Primary Science

Discover the Marvels of Elastic Spring Force with Pez Candy Dispenser (+Question Application)

In our previous article, we laid the groundwork for understanding the mechanics of elastic springs and how they apply to popular PSLE Science questions. Today, we’re going to explore an exciting real-life application of elastic springs – the iconic Pez candy dispenser! Have you ever wondered how this sweet treat contraption actually works?

Join us on a journey to uncover the mechanics behind this beloved candy dispenser and explore the captivating concept of elastic spring force that gives it its charm. Get ready to be amazed by the hidden wonders behind this delightful object.

Elastic Spring – Candy Dispenser Question [Rosyth School P6 WA2 2023 Q19]

Qn: Mrs Tan performed an experiment on two different types of springs, X and Y, of the same length using the set-up shown in the diagram below.

She measured the length of the springs for different weights and used the readings to plot a graph as shown below.

(a) What is the relationship between the mass of the weights and length of the springs? [1m]

On the horizontal axis, as we move to the right, the mass of the weight used increases.

Now let’s look at the vertical axis. For both spring Y and X, the graph is a downwards slope, which means the length of the spring is decreasing.

Suggested answer: As the mass of the weights increase, the length of the springs decrease.

Qn: Mrs Tan placed spring X into a sweet dispenser. When she lifts the head, the sweet moves out of the dispenser to the top as shown in the diagram below.

(b) Explain in terms of forces, how spring X helps to remove the sweet from the dispenser. [1]

Key information: Explain in terms of forces, not energy. E.g., elastic spring force, frictional force etc.

In this case, it should be elastic spring force due to the spring.

What is elastic spring force?

Have you ever stretched or compressed a spring and felt its resistance? Springs possess a unique property of material known as elasticity. When an elastic object, such as a spring, is stretched or compressed, a force is exerted on the stretching or compressing object . This is called elastic spring force, which also makes the object return to its original length.

Mechanism of the dispenser:

From the question, we can tell that using the candy dispenser involves two steps.

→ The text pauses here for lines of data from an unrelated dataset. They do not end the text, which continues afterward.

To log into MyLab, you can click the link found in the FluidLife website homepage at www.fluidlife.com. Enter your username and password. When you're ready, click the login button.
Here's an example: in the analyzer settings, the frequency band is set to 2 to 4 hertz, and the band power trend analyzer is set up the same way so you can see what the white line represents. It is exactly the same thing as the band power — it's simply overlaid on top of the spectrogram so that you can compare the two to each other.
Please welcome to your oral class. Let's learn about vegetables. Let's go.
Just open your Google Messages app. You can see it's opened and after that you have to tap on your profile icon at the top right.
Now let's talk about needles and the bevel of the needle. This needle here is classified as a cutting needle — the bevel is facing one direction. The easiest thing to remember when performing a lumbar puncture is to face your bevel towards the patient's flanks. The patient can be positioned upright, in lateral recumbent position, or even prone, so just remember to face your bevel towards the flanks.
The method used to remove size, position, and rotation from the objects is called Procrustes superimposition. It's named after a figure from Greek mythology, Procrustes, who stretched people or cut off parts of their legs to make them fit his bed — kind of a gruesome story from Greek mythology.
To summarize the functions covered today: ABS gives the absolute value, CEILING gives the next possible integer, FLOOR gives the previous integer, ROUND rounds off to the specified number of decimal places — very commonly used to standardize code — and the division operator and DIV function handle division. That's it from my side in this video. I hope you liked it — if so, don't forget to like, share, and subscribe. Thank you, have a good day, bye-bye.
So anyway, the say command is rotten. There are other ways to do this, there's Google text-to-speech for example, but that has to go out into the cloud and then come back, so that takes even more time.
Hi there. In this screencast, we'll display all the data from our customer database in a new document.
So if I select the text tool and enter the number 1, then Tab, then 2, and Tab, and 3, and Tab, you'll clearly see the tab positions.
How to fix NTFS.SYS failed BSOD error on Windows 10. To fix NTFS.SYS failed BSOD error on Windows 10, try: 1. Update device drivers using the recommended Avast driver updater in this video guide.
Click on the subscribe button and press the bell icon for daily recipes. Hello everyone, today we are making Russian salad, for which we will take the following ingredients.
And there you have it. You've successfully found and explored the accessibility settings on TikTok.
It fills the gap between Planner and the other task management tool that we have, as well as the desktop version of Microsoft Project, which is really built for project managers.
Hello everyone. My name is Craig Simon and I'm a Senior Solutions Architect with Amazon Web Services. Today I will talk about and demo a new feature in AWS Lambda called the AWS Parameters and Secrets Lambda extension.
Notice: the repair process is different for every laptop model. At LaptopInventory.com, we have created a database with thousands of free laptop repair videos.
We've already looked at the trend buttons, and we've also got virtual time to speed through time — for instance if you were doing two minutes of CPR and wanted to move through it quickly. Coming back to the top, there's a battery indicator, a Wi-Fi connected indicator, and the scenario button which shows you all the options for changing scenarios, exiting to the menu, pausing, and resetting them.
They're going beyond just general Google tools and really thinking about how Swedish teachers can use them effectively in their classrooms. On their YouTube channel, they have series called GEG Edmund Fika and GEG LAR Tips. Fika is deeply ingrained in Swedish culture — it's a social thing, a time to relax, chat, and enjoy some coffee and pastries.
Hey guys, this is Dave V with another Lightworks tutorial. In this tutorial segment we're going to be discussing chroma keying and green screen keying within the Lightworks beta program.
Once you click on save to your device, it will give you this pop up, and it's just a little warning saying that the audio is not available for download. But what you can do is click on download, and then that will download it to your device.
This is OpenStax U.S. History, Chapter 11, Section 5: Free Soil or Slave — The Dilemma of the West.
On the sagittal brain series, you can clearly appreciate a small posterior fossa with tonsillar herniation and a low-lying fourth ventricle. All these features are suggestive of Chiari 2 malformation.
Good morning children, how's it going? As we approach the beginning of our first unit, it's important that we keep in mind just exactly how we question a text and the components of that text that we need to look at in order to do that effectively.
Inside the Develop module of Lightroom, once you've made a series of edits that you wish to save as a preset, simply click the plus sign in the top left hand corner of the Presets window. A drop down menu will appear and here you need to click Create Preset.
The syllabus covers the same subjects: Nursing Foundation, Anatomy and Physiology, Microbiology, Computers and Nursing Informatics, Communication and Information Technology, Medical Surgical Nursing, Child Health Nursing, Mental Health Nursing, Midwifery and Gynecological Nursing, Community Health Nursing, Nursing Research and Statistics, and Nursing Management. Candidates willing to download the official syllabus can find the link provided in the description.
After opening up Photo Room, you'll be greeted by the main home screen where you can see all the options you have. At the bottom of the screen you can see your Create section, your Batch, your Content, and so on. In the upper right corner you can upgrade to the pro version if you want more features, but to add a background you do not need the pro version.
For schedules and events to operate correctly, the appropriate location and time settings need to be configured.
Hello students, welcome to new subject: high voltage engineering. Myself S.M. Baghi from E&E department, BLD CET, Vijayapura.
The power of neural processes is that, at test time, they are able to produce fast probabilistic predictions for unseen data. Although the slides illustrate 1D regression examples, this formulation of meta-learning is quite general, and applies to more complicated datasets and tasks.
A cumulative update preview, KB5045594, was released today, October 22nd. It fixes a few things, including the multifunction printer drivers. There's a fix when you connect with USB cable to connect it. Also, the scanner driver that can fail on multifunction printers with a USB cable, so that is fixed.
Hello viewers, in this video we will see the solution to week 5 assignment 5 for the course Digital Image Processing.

Step 1: Placing the candy in the dispenser

Step 2: Removing the head to dispense the candy

If you’ve ever come across a Pez candy dispenser, you’ll undoubtedly recall its playful design, often featuring a cute character or a whimsical head on top. However, the real magic lies in the simple yet fascinating mechanism hidden within. As you slide the head backward, like pulling a tiny lever, something enchanting occurs – a delightful piece of candy pops out from the dispenser. Here’s what is happening.

Suggested answer: The compressed spring X exerts an elastic spring force on the sweets, when it returns to its original length and pushes the sweets upwards.

(c) Next, Mrs Tan changes spring X to spring Y. She observed that the sweet in the dispenser moved a shorter distance. Explain why.

Looking at the graph, spring Y compressed a total distance of 2 units, less than spring X which compressed a total distance of 5 units.

Elasticity and Compressed Distance:

For elastic materials, the more elastic an object is, the longer the distance moved when compressed. A more elastic spring will therefore become shorter when compressed with the same force/weight.

Since spring Y moves a shorter distance than spring X with the same weight, Spring Y is less elastic or stiffer.

Suggested answer: Spring Y is stiffer than X. Therefore, it will be compressed less for the same weight of the sweets. Hence, there is less elastic spring force exerted on the spring and pushes out the sweet with less force.